A year and a half ago we struck up conversations, not only with the labor unions, but a broader range of stakeholders as well about the need to raise productivity and the mutual benefits that such a scenario would bring.

It was essential to make stakeholders understand that if we prove able to push down operating costs then we would be able to free up capital to allow us to continue to invest despite the inevitable impending decreases in barrel price.

This dialogue remains ongoing, and we are already witnessing incremental improvements in our efficiency and overall productivity. The different actors concerned are now at a last beginning to realize that this can be a win-win relationship for all concerned.

Better alignment with our contractors is another way to efficiently push down our operating costs. One example would be to hand contractors an incentive to be more productive whereby base tariffs are slightly reduced, but opportunities to earn higher performance linked pay is offered in return. That sort of arrangement actually suits the higher performance contractors very well and they appreciate that.

What do you consider the best way to go about negotiating with the Unions?

In dealing with the unions, experience has taught me that it is important to speak their language and understand their concerns and perspective. Their focus is about maintaining jobs for their members and ensuring that salaries remain tied to inflation. When managers speak about the need to make ‘efficiency gains’, then that scares them as they translate that as making lay-offs and reducing salaries. Instead we have to talk about ‘productivity’ and about producing more with less or the same resource inputs. We have to make them understand that productivity increases is actually the tool via which we can maintain investment levels and thus maintain jobs and salaries. It quickly becomes a virtuous cycle.

Equally important is to properly educate the labour force as to the realities of the situation.
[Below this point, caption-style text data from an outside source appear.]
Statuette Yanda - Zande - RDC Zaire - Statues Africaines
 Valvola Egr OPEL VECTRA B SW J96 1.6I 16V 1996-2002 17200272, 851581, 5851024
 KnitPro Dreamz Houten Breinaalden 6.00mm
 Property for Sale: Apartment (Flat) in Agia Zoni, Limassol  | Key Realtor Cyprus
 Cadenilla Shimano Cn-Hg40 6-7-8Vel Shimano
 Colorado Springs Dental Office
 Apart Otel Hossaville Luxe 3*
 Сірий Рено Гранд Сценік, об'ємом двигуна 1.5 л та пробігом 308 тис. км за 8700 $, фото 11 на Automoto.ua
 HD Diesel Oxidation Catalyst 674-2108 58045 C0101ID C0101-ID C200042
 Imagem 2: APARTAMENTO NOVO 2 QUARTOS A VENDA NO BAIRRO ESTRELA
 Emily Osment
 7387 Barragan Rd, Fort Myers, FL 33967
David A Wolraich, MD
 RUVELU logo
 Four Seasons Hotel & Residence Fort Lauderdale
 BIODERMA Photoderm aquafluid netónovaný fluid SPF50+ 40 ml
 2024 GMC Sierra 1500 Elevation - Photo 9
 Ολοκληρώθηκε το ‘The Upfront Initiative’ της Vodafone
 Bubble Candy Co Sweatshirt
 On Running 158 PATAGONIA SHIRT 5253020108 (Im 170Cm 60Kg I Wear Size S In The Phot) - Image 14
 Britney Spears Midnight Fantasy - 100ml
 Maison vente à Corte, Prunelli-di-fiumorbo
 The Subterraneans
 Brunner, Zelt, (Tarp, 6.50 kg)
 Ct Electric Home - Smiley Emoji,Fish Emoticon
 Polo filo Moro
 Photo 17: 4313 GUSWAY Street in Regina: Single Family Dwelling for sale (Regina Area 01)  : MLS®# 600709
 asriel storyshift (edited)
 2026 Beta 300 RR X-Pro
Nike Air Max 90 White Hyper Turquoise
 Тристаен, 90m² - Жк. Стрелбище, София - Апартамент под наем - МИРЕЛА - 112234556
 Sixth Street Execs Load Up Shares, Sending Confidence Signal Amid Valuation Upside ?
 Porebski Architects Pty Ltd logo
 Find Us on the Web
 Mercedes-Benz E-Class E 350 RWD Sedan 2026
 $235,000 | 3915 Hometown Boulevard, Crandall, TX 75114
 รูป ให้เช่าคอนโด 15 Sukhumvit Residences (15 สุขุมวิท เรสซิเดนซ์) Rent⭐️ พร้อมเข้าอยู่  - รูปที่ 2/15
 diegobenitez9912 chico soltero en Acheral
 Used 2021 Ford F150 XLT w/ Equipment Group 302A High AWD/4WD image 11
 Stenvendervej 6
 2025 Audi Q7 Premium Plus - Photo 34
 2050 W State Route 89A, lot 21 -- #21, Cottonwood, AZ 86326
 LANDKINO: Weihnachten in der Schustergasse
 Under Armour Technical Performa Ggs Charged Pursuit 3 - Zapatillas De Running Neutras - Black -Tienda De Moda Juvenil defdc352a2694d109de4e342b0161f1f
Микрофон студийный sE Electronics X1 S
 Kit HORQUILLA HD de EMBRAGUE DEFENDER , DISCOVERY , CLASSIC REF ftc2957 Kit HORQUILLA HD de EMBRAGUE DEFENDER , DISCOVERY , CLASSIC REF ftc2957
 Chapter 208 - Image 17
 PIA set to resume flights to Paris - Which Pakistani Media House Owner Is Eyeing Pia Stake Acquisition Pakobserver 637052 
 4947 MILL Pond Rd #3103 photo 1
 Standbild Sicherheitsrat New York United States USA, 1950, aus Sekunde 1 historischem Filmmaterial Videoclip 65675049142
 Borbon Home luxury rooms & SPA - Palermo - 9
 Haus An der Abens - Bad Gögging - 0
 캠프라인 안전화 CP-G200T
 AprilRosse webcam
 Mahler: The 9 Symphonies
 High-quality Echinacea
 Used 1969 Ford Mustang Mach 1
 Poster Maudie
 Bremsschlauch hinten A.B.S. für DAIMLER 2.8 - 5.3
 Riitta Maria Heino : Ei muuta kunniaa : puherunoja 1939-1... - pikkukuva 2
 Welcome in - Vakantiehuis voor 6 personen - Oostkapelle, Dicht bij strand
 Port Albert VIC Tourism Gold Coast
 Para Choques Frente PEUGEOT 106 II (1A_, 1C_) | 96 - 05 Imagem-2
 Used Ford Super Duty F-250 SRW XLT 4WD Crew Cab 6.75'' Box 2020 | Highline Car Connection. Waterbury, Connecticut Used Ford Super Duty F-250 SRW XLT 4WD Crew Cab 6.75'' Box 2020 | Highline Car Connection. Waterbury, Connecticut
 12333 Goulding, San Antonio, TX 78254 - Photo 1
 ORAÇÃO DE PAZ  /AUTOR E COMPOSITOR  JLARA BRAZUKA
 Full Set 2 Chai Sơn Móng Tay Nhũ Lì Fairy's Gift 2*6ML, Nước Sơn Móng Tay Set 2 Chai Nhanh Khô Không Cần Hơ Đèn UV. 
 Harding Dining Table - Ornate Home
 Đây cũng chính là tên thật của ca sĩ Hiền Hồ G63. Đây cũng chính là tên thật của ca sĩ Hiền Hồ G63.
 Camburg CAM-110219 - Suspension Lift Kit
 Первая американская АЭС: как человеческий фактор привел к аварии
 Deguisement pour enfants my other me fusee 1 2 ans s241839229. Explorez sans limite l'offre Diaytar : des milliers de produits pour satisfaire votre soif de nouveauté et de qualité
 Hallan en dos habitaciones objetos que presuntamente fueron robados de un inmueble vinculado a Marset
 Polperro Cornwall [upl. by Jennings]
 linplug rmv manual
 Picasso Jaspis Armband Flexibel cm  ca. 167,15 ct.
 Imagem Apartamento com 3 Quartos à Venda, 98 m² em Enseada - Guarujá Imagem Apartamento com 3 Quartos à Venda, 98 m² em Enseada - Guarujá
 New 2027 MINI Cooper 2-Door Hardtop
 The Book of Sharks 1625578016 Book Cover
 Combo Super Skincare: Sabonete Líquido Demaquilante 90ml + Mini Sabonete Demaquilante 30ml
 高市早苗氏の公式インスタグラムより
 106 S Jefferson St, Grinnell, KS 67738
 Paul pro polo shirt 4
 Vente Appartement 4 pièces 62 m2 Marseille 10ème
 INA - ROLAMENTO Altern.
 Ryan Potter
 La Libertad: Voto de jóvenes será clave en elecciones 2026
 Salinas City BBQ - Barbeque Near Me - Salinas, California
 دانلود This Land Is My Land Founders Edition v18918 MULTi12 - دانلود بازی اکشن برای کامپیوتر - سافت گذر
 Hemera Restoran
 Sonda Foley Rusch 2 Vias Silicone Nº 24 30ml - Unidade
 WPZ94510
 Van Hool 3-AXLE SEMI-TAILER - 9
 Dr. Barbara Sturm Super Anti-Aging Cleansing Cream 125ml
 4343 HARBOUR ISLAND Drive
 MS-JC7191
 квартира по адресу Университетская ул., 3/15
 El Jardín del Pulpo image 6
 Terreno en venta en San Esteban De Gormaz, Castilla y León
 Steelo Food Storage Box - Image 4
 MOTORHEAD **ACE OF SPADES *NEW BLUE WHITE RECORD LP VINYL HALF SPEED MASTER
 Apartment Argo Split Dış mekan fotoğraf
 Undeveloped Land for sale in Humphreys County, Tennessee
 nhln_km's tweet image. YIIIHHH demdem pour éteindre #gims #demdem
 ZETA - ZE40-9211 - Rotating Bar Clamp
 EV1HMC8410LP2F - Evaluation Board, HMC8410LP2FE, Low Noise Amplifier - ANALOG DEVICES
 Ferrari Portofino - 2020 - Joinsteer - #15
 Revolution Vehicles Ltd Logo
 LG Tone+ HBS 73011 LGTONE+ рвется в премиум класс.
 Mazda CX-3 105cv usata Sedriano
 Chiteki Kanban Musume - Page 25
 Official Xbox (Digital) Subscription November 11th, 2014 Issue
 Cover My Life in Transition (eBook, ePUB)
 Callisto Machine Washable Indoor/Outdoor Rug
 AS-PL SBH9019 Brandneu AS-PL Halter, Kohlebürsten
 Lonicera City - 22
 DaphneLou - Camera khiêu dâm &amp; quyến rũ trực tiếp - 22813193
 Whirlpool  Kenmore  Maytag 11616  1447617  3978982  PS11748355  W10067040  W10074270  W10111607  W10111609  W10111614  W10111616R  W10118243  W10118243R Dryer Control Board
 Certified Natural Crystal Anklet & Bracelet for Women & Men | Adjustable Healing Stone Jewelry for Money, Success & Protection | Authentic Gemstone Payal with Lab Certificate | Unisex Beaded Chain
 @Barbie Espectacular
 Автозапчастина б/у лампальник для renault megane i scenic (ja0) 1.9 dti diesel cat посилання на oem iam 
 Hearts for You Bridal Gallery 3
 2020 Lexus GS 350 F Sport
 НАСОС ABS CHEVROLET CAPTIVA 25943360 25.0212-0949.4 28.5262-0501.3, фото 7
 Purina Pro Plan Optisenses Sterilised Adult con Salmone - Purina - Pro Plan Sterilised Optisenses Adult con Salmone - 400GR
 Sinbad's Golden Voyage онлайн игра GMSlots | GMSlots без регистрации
Two years ago fracking teams used to work a maximum of 12 hours per day and they never worked at night. In USA, by contrast, the shale operations remain active 24 hours per day. Efforts were thus made to enable union representatives to visit North American sites to witness first-hand how this generates more jobs and extra work. Nowadays 24-hour fracking is commonplace down here in Argentina as well.

Because we have a lot of development work still ahead of us in the south from a geological perspective, there is the opportunity for us to keep investing for years and years, but only so long as the economics work. No private business can continue to invest in losses indefinitely. This is why it is essential to have everyone sitting around the table and agreeing upon a cost structure that allows a reasonable return on investment and thus for the prolongation of further investment.

What are you key priorities looking forward?

Our core priority for this year is to continue to identify improvements in those operations that we are already running so as to be able to competitively face exposure to international prices in the future. It is vitally important to anticipate this change and be ready to compete under new rules of the game. The aim is to reach a state in term of improvements on productivity where we would be able to continue with our operations and still register reasonable returns on investment.

How difficult will it be for Argentina to solve its energy crisis?

It will certainly take several years of sustained effort to recover the position that Argentina once had. It is clear to me that this is nonetheless achievable.

It will certainly take several years of sustained effort to recover the position that Argentina once had. It is clear to me that this is nonetheless achievable. We certainly have the right kind of geological formations. We just need the politics to enable us to get down to business.

Where would you like to see PAE when we come back to Argentina in three years?

I would like to see PAE still developing Cerro Dragón, but this time with a higher rate of productivity. I would also envision us possessing two or three interesting oil and gas fields in Vaca Muerta. Most of all my goal is to raise our performance in Neuquen to the levels that we currently demonstrate in Chubut. That would be a great achievement.